### Directions for this task
Set the data down again, exactly as it reads, but without the pictures.

START The data

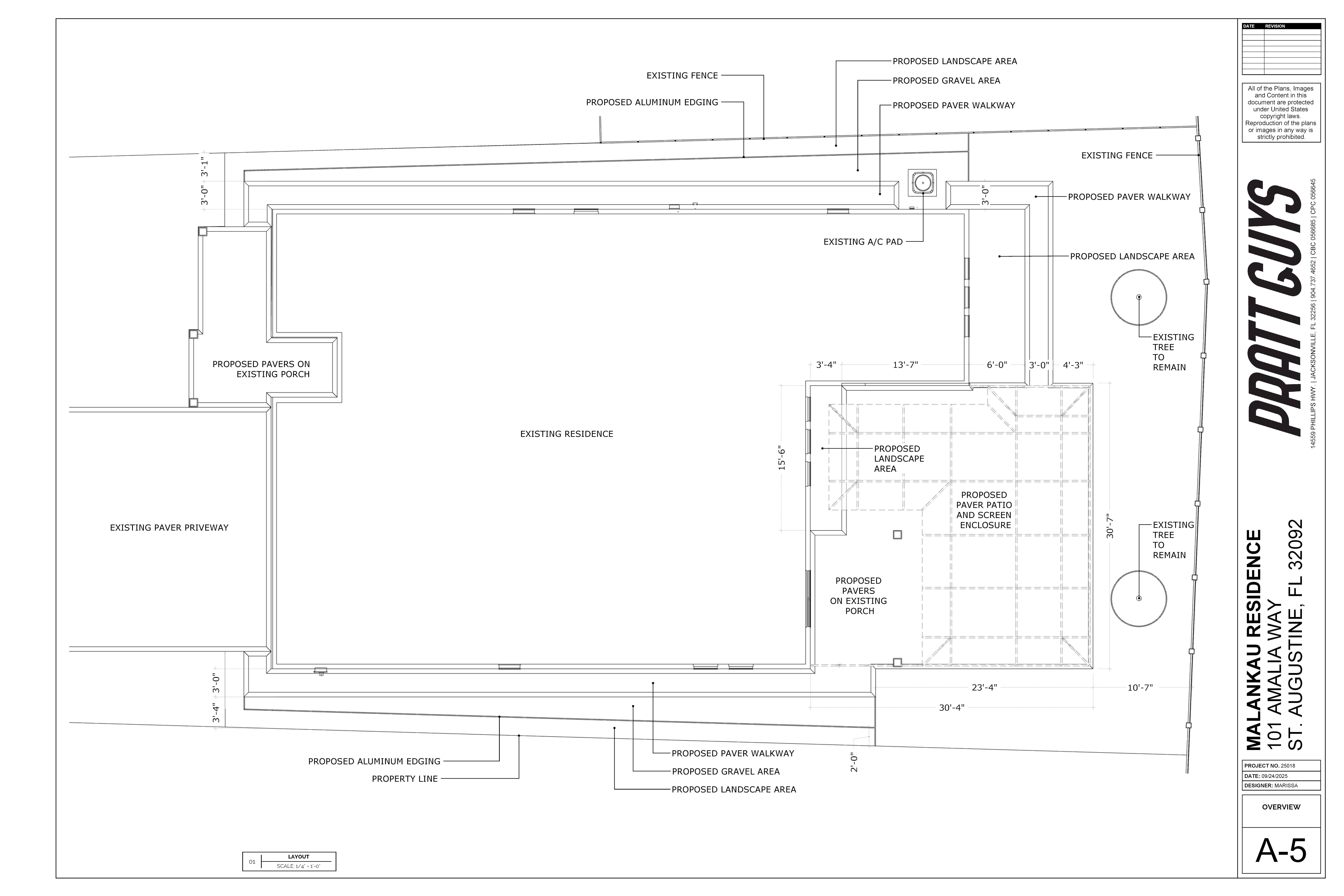 Malankau_Project Overview.jpg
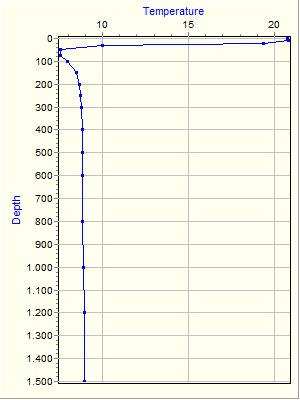 Variable Plot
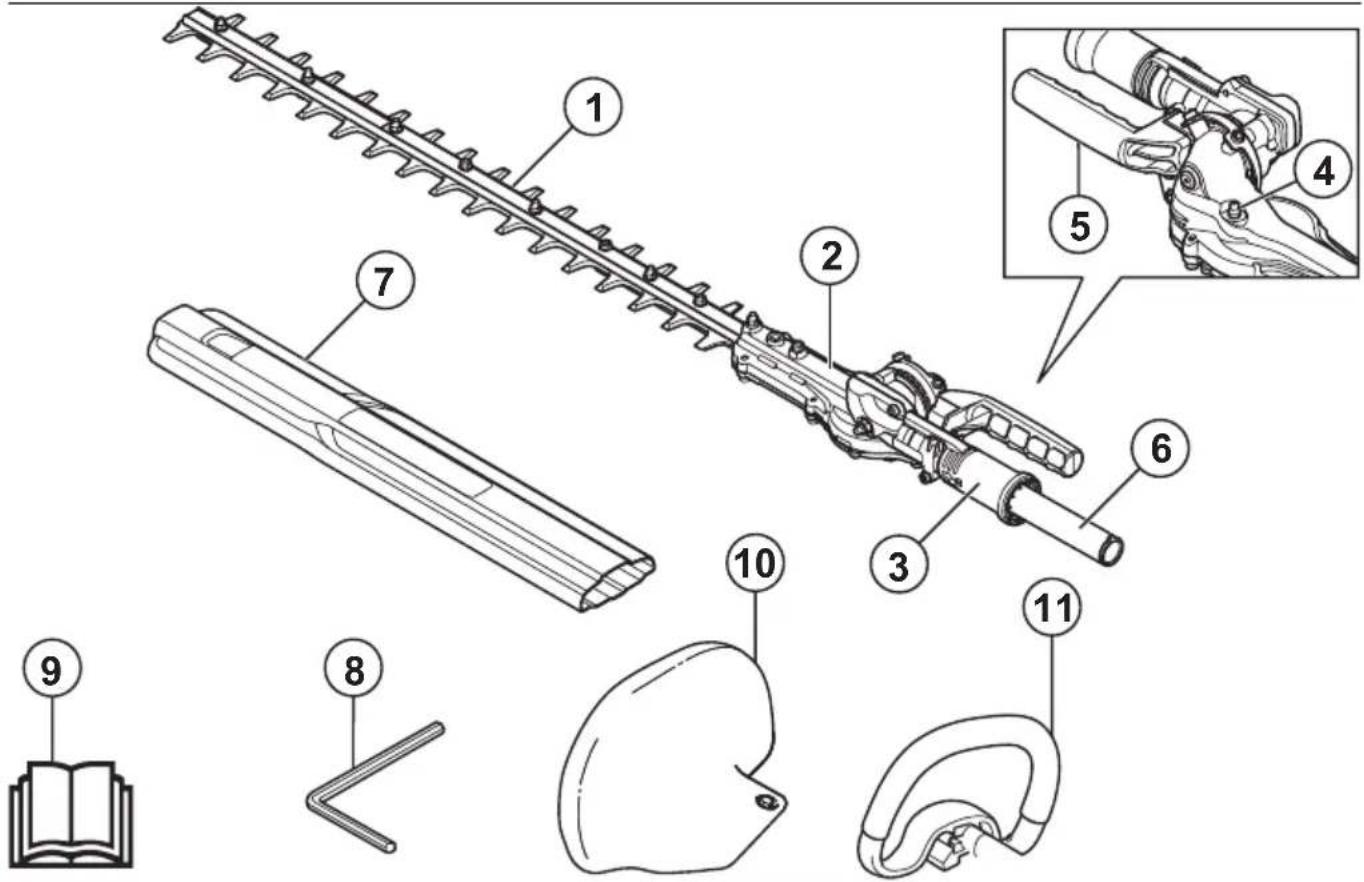 HUSQVARNA HA860 - Bestimmungsgemäß Verwendung - 3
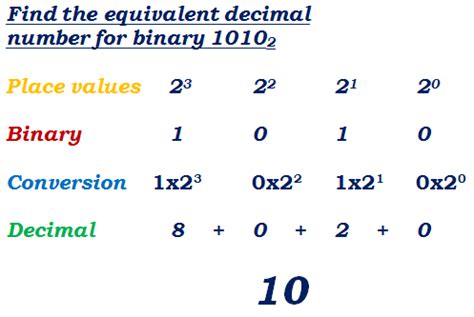 Binary to decimal online works well on windows, mac, linux, chrome, firefox. Binary ⇄ Decimal Converter with Steps
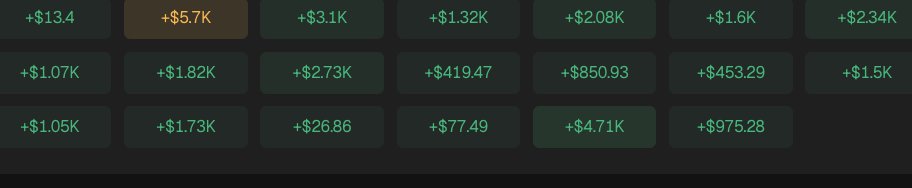小财神🔶BNB（心流版） tweet media
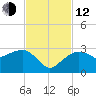 Naples Beach tide chart for Wednesday, November 12, 2025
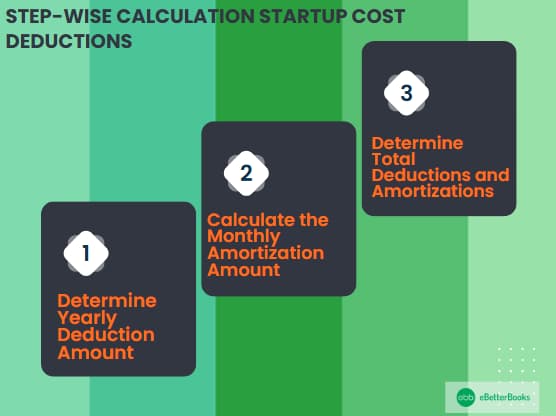 Guide to Calculating Startup Cost Deductions for Small Businesses An infographic illustrating how to calculate startup cost deductions for small businesses. It features key financial elements such as initial expenses, tax-deductible costs, and an example calculation to help entrepreneurs understand their eligible deductions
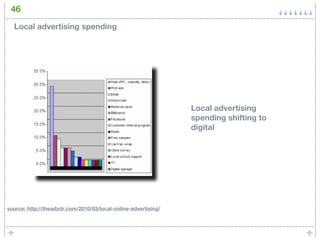 46
  Local advertising spending




                                                                Local advertising
                                                                spending shifting to
                                                                digital




source: http://theadzdr.com/2010/03/local-online-advertising/
 
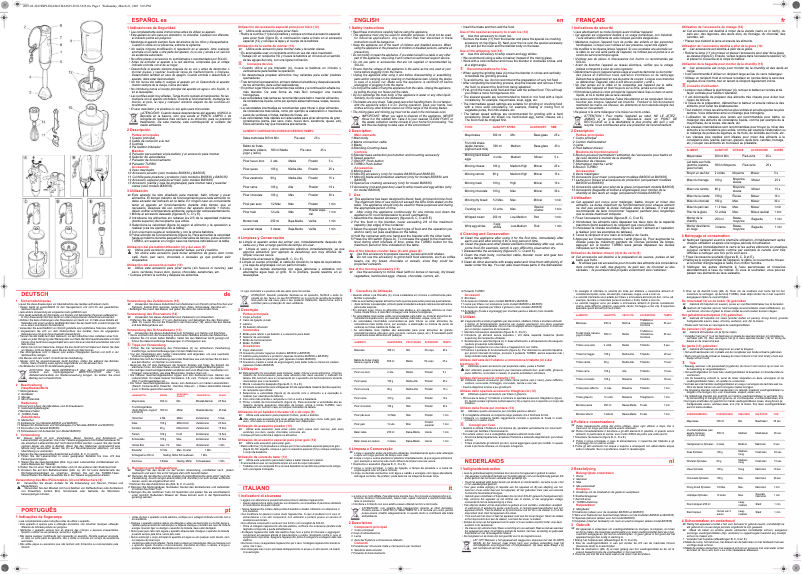 Page 1 de la notice Manuel utilisateur Solac BA5630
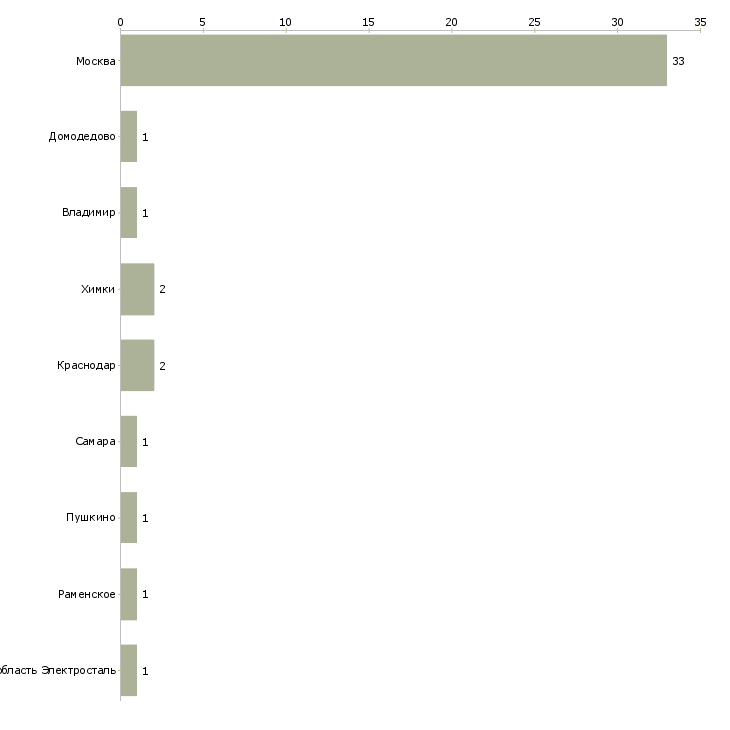 Найти работу няня к двойне-Число вакансий «няня к двойне» на сайте в городах Росcии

END The data

### Answer for the task
 Malankau_Project Overview.jpg
 Variable Plot
 HUSQVARNA HA860 - Bestimmungsgemäß Verwendung - 3
 Binary to decimal online works well on windows, mac, linux, chrome, firefox. Binary ⇄ Decimal Converter with Steps
小财神🔶BNB（心流版） tweet media
 Naples Beach tide chart for Wednesday, November 12, 2025
 Guide to Calculating Startup Cost Deductions for Small Businesses An infographic illustrating how to calculate startup cost deductions for small businesses. It features key financial elements such as initial expenses, tax-deductible costs, and an example calculation to help entrepreneurs understand their eligible deductions
 46
  Local advertising spending




                                                                Local advertising
                                                                spending shifting to
                                                                digital




source: http://theadzdr.com/2010/03/local-online-advertising/
 
 Page 1 de la notice Manuel utilisateur Solac BA5630
 Найти работу няня к двойне-Число вакансий «няня к двойне» на сайте в городах Росcии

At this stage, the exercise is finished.